13. März 2026 in Familie
Frauen sollten keine Schuldgefühle haben, wenn sie nach der Geburt ihres Kindes bald wieder arbeiten gehen, sagte die ehemalige First Lady der USA.
Washington D.C. (kath.net/LifeNews/jg)
Die ehemalige First Lady der USA, Michelle Obama, hat vor kurzem in einem Podcast erneut die nach ihrer Ansicht schwierige Situation berufstätiger Mütter in den USA thematisiert – und dabei für Diskussionen gesorgt. In der Episode ihres Podcasts „IMO with Michelle Obama & Craig Robinson“ antwortete sie auf die Zuhörerfrage einer jungen Mutter, die nach der Geburt ihres Kindes wieder in den Beruf einsteigen möchte und mit Schuldgefühlen kämpft.

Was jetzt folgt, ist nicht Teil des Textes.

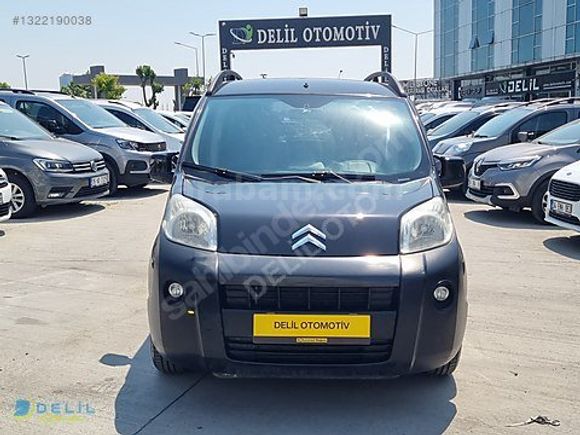 DELİL OTOMOTİV'DEN 2011 MODEL HATASIZ CİTROEN NEMO XTR PLUS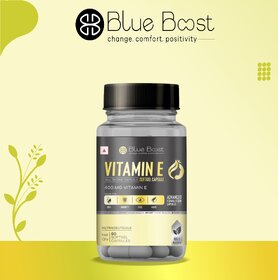 Blue Boost Vitamin E Allin One Capsule Softgel  Capsule (Pack of 2) 400mg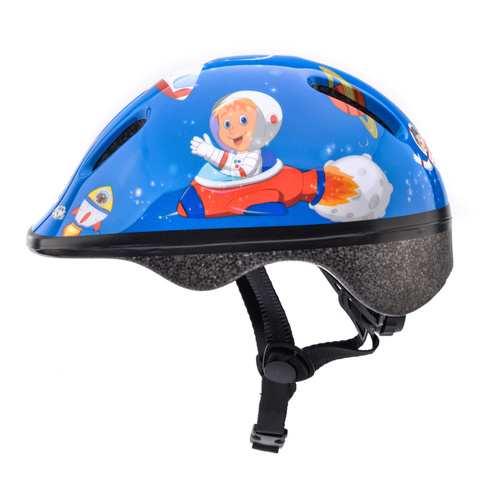 Fahrradhelm Meteor KS06 S 48-52 cm Space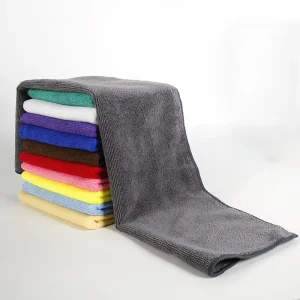 80% Polyester 20% Polyamide Cleaning Cloth Polishing Car Microfiber Cloth Car Kitchen Towels Micro Fibre Towel Microfiber Towel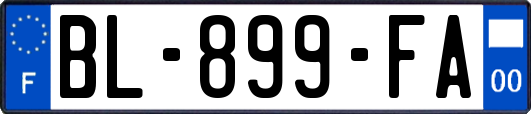BL-899-FA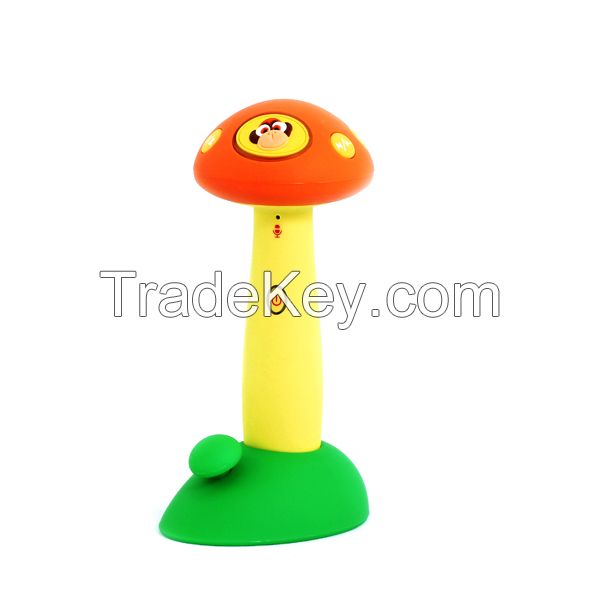 Mushroom Design Reading Pen with Coded Books and Best Quality, Arouse Children's Interest, talking pen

Obama vertrat die Ansicht, dass die amerikanische Gesellschaft in Bezug auf Mutterschaft widersprüchliche Signale sende. Einerseits werde Frauen gesagt: „Habt keine Abtreibung!“, andererseits fehle es jedoch an echter Unterstützung für Mütter nach der Geburt. Sie kritisierte insbesondere die kurzen Mutterschutzfristen in den USA. Wörtlich sagte sie: „Unsere Mutterschutzregelung ist lächerlich, wenn man überhaupt eine hat, denn meistens sind es drei Monate, vier Monate. Das reicht nicht einmal aus, damit der Körper einer Frau vollständig heilen kann – selbst bei einer natürlichen Geburt. Ganz zu schweigen davon, dass sich die Hormone stabilisieren müssen, weil der Körper noch sagt: ‚Ich ernähre dieses Kind, ich stille.‘ Die Hormone sagen einem das eine, die gesellschaftliche Struktur etwas völlig anderes.“
Sie sprach von einer gesellschaftlichen Heuchelei: Man fordere Frauen auf, Kinder zu bekommen, schaffe aber keine Umgebung, in der sie genesen, sich erholen und dann selbstbestimmt entscheiden könnten, wann sie wieder berufstätig werden möchten.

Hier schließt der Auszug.